Podobnie, a nawet lepiej jest w przypadku poznańskiego dewelopera Nickel Development.

— Wydłużyliśmy okres obowiązywania umów rezerwacyjnych. W wybranych przypadkach dopuszczamy nawet dwumiesięczną rezerwację — mówi Edyta Kołodziej, dyrektor sprzedaży i marketingu w Nickel Development.

O krok dalej posunęła się Develia [dawniej LC Corp — red.]. Oferuje podpisywanie umów rezerwacyjnych na dwa tygodnie bez konieczności dokonywania wpłat. Na tym nie koniec — zapewnia o korzystnym dla kupujących programie płatności za mieszkanie i umożliwia odstąpienie od umowy deweloperskiej bez konsekwencji.

— Praktycznie do zakończenia budowy klieci mają możliwość odstąpienia od umowy deweloperskiej bez dodatkowych kosztów, z gwarancją zwrotu 100 proc. wpłaconej kwoty — mówi Mirosław Kujawski, członek zarządu Develii.

Wrocławski deweloper giełdowy Archicom informuje, że jako pierwszy w branży stworzył własną wersję tarczy antykryzysowej. Dla klientów, którzy zdecydują się na zakup mieszkania w czasie pandemii, proponuje pakiet wsparcia w postaci dofinansowania zakupu mieszkania, zabezpieczenia spłaty rat kredytu do 12 miesięcy w przypadku utraty pracy, a klientom inwestycyjnym zapewnia gwarancję najmu lokalu nawet do dwóch lat.

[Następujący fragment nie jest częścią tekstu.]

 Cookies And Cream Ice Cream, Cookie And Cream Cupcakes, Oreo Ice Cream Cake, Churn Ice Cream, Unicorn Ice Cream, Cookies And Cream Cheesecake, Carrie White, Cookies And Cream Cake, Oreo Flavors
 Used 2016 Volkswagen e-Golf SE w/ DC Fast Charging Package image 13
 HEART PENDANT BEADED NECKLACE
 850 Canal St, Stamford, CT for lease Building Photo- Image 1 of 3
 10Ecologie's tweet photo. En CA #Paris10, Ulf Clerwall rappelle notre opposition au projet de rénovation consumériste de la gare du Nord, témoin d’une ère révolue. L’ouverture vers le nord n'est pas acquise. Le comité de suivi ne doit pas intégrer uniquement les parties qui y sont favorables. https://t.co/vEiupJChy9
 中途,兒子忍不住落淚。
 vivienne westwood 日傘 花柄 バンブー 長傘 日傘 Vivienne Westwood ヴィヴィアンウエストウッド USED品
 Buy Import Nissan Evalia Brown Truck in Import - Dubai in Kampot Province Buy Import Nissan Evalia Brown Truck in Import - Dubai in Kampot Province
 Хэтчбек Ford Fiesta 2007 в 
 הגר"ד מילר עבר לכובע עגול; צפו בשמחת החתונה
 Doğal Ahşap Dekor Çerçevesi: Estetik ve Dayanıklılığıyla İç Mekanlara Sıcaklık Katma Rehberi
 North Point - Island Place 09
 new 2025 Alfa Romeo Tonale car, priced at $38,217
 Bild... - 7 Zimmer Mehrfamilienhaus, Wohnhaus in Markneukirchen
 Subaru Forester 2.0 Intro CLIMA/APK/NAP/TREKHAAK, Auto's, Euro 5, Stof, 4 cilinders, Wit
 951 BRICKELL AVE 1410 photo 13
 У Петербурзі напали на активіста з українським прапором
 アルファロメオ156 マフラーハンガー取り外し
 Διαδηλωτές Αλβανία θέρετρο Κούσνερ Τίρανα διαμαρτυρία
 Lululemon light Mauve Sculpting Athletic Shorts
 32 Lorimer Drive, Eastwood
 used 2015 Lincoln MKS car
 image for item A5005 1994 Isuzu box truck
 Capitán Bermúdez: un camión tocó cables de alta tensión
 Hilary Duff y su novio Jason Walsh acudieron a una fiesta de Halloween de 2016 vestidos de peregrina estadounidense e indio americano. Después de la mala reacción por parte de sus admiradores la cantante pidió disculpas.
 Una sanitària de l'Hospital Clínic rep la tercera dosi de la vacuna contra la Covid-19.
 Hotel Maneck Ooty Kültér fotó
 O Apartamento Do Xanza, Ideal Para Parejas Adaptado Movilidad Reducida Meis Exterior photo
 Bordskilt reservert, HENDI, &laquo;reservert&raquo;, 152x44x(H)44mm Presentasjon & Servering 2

— Obawa przed utratą pracy często pojawia się w rozmowach klientów z naszymi doradcami. Dlatego nie powielamy popularnych na rynku form promocji, ale wychodzimy naprzeciw tym obawom. Tarcza ma zapewnić klientom realne wsparcie finansowe, większy komfort i poczucie bezpieczeństwa w podejmowaniu decyzji — zapewnia Piotr Ludwiński, dyrektor ds. sprzedaży i obsługi klientów w Archicomie.